An employer is only entitled to make certain deductions from an employee's pay.
National Minimum Wage (NMW)
Workers in the UK aged 16 (and above school leaving age) or over are legally entitled to a national minimum hourly wage. It does not matter where they work, the size of the firm or the worker's occupation. This includes casual labourers, agency workers, homeworkers, workers on short-term contracts and workers employed by sub-contractors.
Workers who aren't entitled to the National Minimum Wage:
- workers aged under 16;
- some people living and working within a family such as nannies, and au pairs. Such a worker will not be entitled to the NMW if they live in the family home where they work and they share meals with the family and they do not have to pay towards their accommodation costs or meals; or
- genuinely self-employed people.
- members of the armed forces (but civilians working for the reserve forces or the ministry of defence are covered)
- share fisherman
- prisoners
- voluntary workers
- some trainees on government schemes
- workers who are homeless or living in a hostel, who are entitled to Income Support, income-related Employment and Support Allowance or income-based Jobseeker's Allowance and who are taking part in a scheme run by a charity which provides them with work
- residential members of religious communities which are charities.
Which types of pay and which hours of work count towards the NMW?
The rules about which elements of a worker's pay, and which hours of working time, count towards calculating the NMW are very complicated.
You should contact the NMW helpline on 0845-650-0207 to check whether you are entitled to the NMW.
If you think you are entitled to the National Minimum Wage and are not receiving it you should contact the NMW helpline or your Union.
Is an Employer entitled to make Deductions from an Employee's Pay?
By law, an employer is only entitled to make certain deductions from an employee's pay. If the employer does not pay the employee at all, this counts as a 100% deduction. There are rules about what counts as pay for the purposes of when the employer can make deductions.
In most cases, an employer can only lawfully make a deduction from an employee's pay if the deduction is:
- required to be made by law. For example, employers are required to deduct tax and national insurance from their employee's pay by law; or
- allowed for by the employee's contract. This means that there must be a specific clause in the contract which allows for that particular deduction to be made. The deduction can then only be made lawfully if the employee is given a written copy of that term in the contract before any deduction is made under it. This would cover deductions such as union dues or payments to a pension scheme; or
- the deduction has been agreed to in writing by the employee before it is deducted.
There are particular deductions which an employer can make which do not have to fit into the categories listed above.
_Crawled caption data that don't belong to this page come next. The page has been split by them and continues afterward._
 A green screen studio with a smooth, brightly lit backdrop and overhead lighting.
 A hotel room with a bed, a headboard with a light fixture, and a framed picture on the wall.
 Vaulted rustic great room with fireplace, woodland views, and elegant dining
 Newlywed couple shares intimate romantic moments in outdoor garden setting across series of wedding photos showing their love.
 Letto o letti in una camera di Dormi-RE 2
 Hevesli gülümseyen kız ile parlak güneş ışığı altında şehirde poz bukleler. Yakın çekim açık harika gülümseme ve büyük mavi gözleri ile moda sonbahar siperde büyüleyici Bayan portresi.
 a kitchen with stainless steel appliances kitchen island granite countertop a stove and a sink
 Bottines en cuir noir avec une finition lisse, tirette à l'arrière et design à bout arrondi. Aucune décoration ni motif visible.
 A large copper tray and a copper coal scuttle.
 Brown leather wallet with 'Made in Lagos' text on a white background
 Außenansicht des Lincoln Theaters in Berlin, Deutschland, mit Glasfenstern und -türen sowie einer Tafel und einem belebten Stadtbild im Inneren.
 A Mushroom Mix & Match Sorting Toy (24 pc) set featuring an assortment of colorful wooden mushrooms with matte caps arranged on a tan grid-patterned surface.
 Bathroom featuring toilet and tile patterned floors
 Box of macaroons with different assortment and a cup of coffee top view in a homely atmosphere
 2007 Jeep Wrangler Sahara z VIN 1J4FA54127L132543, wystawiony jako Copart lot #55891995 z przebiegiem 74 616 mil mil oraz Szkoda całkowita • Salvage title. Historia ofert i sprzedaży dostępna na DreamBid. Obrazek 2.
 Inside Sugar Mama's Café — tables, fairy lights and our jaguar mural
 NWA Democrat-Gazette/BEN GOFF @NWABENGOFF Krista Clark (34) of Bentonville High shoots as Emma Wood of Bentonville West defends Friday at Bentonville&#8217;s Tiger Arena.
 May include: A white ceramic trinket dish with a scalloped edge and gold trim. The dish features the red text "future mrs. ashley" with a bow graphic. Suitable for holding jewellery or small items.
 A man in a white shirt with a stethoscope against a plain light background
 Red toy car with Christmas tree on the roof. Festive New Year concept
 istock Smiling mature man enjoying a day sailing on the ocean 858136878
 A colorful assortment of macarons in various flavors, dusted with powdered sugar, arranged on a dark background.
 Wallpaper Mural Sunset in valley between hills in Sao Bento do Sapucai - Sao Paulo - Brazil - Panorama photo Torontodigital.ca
These deductions are:
- a deduction because the worker has been genuinely overpaid
- a deduction made because the employee took part in industrial action
- a deduction made by an employer under a court order or an order from an employment tribunal, such as an attachment of earnings order.
What counts as Pay?
When considering whether an employer can make a deduction from an employee's wages, the following all count as wages:
- normal pay including fees, bonuses and commission, but not payments for expenses
- holiday pay
- payments ordered by an employment tribunal, such as payment of wages between an employee being dismissed and being given their job back
- payments which have to be made by law instead of wages, such as guarantee payments when the employee takes time off to do union work or look for a job if they are to be made redundant
- statutory sick pay
- statutory maternity pay, statutory paternity pay and statutory adoption pay.